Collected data
--------------------
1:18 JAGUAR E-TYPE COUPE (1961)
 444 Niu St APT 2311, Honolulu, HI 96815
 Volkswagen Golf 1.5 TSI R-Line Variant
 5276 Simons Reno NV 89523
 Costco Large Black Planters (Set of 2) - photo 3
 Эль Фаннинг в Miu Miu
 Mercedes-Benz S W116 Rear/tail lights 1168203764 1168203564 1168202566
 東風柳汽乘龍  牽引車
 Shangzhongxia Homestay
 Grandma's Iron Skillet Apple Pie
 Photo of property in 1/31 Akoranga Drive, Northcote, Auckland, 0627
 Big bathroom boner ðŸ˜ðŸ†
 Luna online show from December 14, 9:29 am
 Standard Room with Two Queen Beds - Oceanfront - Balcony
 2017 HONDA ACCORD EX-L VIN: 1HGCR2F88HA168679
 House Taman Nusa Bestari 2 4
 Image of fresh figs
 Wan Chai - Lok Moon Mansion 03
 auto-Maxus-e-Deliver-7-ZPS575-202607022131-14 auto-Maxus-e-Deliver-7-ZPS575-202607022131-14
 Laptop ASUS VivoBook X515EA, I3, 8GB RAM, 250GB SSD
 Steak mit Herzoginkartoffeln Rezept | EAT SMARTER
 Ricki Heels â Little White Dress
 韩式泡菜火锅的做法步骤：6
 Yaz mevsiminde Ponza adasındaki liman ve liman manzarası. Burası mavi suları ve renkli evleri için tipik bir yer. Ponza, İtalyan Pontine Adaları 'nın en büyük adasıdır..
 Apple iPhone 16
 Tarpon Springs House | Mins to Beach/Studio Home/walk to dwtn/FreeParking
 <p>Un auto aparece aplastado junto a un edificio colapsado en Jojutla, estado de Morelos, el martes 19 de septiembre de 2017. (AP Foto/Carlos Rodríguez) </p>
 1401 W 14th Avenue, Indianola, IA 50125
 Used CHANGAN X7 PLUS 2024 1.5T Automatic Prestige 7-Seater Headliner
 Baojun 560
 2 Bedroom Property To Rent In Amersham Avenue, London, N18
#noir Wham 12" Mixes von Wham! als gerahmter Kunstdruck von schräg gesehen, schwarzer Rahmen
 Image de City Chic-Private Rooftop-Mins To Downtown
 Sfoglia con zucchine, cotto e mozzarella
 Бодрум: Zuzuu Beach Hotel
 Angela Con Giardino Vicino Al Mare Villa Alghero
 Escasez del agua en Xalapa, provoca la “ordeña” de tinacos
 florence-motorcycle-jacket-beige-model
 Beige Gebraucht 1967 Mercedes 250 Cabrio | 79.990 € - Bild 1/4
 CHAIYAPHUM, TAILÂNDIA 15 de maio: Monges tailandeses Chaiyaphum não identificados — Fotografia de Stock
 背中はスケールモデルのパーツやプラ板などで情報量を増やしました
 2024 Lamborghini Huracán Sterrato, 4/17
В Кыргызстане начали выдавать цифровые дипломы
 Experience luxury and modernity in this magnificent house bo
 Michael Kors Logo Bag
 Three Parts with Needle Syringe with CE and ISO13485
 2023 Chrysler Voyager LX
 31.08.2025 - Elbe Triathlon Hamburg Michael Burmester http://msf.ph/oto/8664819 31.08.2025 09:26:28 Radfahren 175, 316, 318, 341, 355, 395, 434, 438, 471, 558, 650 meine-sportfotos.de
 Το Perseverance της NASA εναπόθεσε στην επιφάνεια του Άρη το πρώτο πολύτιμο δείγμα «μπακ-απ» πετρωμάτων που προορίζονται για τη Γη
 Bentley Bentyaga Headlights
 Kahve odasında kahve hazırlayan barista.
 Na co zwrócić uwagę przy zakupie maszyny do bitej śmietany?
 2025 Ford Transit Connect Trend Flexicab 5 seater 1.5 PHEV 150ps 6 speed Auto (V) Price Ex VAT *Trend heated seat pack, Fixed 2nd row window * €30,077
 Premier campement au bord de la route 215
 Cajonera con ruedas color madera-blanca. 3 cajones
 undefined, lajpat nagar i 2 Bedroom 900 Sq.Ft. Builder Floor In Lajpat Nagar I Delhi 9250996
--------------------
Requirement: Your reply is to repeat, unchanged, the lines above running from the one with "2 Bedroom Property" up to and including the one with "2023 Chrysler Voyager LX".

Your response:
 2 Bedroom Property To Rent In Amersham Avenue, London, N18
#noir Wham 12" Mixes von Wham! als gerahmter Kunstdruck von schräg gesehen, schwarzer Rahmen
 Image de City Chic-Private Rooftop-Mins To Downtown
 Sfoglia con zucchine, cotto e mozzarella
 Бодрум: Zuzuu Beach Hotel
 Angela Con Giardino Vicino Al Mare Villa Alghero
 Escasez del agua en Xalapa, provoca la “ordeña” de tinacos
 florence-motorcycle-jacket-beige-model
 Beige Gebraucht 1967 Mercedes 250 Cabrio | 79.990 € - Bild 1/4
 CHAIYAPHUM, TAILÂNDIA 15 de maio: Monges tailandeses Chaiyaphum não identificados — Fotografia de Stock
 背中はスケールモデルのパーツやプラ板などで情報量を増やしました
 2024 Lamborghini Huracán Sterrato, 4/17
В Кыргызстане начали выдавать цифровые дипломы
 Experience luxury and modernity in this magnificent house bo
 Michael Kors Logo Bag
 Three Parts with Needle Syringe with CE and ISO13485
 2023 Chrysler Voyager LX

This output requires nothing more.